Student advisors from Tennessee's public colleges and universities gather for first Advising Academy

Spring Advising Academy

About 120 college advisors from across Tennessee gathered last week to review and explore strategies for keeping students moving toward completing their degrees.

The 2017 Spring Advising Academy is the first in what is hoped will be a series of conferences to boost the key role that advising plays in student success. The academy is conducted by a partnership of the Tennessee Board of Regents, the University of Tennessee and the Tennessee Business Roundtable. Student advisors from all 19 TBR universities and community colleges, and from UT Knoxville, Chattanooga and Martin participated.

“In the last few years we have worked with campus leaders at a series of Completion Academies to craft plans to implement large-scale initiatives to help more of our students succeed in college,” said Dr. Tristan Denley, the TBR vice chancellor for academic affairs who delivered opening remarks on both days of the conference. “This work, at each campus, has already resulted in significant increases in graduation rates, and has distinguished TBR as a model that other states are seeking to emulate.

“The Advising Academy is the first of a series of events involving the faculty and staff who work every day with our students, and marrying their work to these large-scale initiatives at a system scale.  I am excited to see how these events will further our quest to enable Tennesseans to achieve their college dreams,” Denley said.

The inaugural Advising Academy was held March 2-3 in Nashville.  The conference’s theme was “Momentum Year!” – an effort to bring several academic initiatives pioneered in Tennessee together in a student’s freshman year to help them stay in school and proceed toward graduation.

The “Momentum Year” initiative pulls several student success “ingredients” into a coherent whole, Denley has said.

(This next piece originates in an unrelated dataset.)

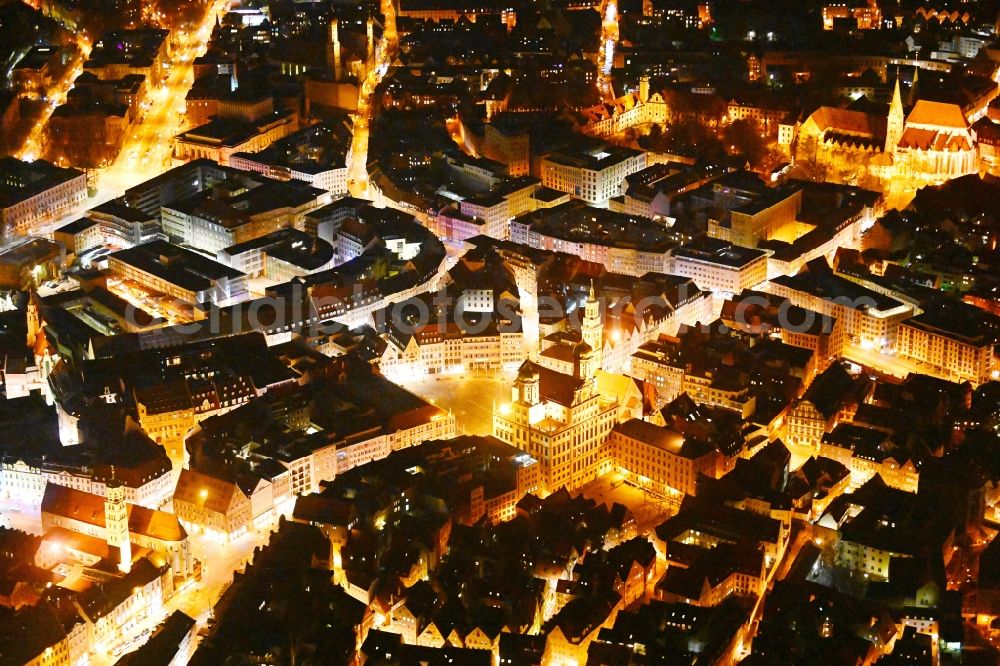 Aerial image at night Augsburg - Night lighting town Hall building of the city administration on Rathausplatz and tower Perlachturm and church St. Peter on Perlach in the district Altstadt in Augsburg in the state Bavaria, Germany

They include: students making a “purposeful choice” in their programs of study and understanding what their plans are and what they can do with their degree; creating a productive “academic mindset” in which students understand themselves as learners and realizing that they can be successful; attempting nine credit hours in their academic program area, which ensures that they get an immediate immersion in their degree program and are studying what they intended to study from the start; and completing their freshman English and math requirements.

“The intention is to create a first-year experience in which every student is exposed to every ingredient,” Denley said, and then to continue the momentum experience through their college careers.

The Advising Academy builds on a series of student success academies that began in 2011, all undergirding the state’s commitment to improving college completion rates as articulated by the Complete College Tennessee Act of 2010 and Gov. Bill Haslam’s Drive to 55 initiative to equip at least 55 percent of working age Tennesseans with a post-high-school degree or credential by 2025.

At the Advising Academy, participants learned in more detail about the various academic initiatives underway and broke into concentrated work sessions to explore new ideas. Panel discussions were also held on best practices and approaches. 

The College System of Tennessee is the state’s largest public higher education system, with 13 community colleges, 24 colleges of applied technology and the online TN eCampus serving approximately 140,000 students. The system is governed by the Tennessee Board of Regents.